Do I need a camera on it? Nope, got one already, works fine.
Do I need SMS/IM? Nope, and when I did, I got a Blackberry. Do I need a MP3 player? Got one.
A SD card slot? Not really.
Bluetooth? Nope.
A fast Wi-fi capability? Well, maybe that, but don't tell anyone.

That is where the sleek SPH-i550 comes in. Here is a tiny clamshell phone that can do a lot, but not everything, and that's OK in my book. It was also OK with my technophobe wife too, so I bought her a matching one.

Phone Features:

Rather than list an exhaustive list of features (which you can get from the Sprint website), I am going to discuss the features I use most. First, there is the phone handset and it is a great design with clear sound, loud enough to use outdoors on a noisy street, and just large enough to crook in your neck like a regular phone. In general, it holds tri-band connections (Sprint, Digital and Analog Roam CDMA stable), but I am frequently finding that my calls drop with a "Signal Faded" message more often than I would like, while my GPRS brethren just keep chatting along. Not sure why either when signal strength shows 2-3 bars.

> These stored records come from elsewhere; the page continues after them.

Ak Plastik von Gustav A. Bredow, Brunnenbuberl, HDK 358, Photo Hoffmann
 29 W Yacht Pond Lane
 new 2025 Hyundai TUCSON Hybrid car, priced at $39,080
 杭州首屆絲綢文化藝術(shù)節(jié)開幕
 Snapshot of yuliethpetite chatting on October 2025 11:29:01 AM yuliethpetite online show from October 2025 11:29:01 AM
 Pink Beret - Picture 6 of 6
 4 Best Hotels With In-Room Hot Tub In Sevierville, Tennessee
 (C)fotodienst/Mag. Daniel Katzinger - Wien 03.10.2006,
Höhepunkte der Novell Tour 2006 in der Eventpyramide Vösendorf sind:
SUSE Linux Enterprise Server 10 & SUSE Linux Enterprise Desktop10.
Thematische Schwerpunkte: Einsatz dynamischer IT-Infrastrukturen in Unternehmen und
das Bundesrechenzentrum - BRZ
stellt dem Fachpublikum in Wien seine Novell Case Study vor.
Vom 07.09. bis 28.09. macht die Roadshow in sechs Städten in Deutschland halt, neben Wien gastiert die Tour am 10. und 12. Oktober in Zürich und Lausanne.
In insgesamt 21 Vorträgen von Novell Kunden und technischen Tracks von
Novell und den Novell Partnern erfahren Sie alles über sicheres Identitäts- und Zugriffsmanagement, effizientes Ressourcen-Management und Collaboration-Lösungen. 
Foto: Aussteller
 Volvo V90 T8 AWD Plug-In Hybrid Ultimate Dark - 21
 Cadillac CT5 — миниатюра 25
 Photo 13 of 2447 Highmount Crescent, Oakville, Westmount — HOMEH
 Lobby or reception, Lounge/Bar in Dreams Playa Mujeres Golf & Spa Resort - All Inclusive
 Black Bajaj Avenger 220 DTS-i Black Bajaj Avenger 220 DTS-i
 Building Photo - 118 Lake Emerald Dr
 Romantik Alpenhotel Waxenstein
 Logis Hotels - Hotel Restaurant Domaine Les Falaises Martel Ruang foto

The phone number buttons and screen are are backlit in blue and easy to use in low light environments with my big fingers. One feature I like is the recent call list, which is surprisingly NOT a native Palm app, like it was on the Kyocera 6135. The only way to access it is by pressing the talk button while not engaged on a call. When you scroll down the list, you can find several months of calls and their incoming/outgoing/missed call status and even add them to your Palm address book. The only features I would have liked to have seen is a call duration metric and an list export feature. Maybe on my next Palm phone.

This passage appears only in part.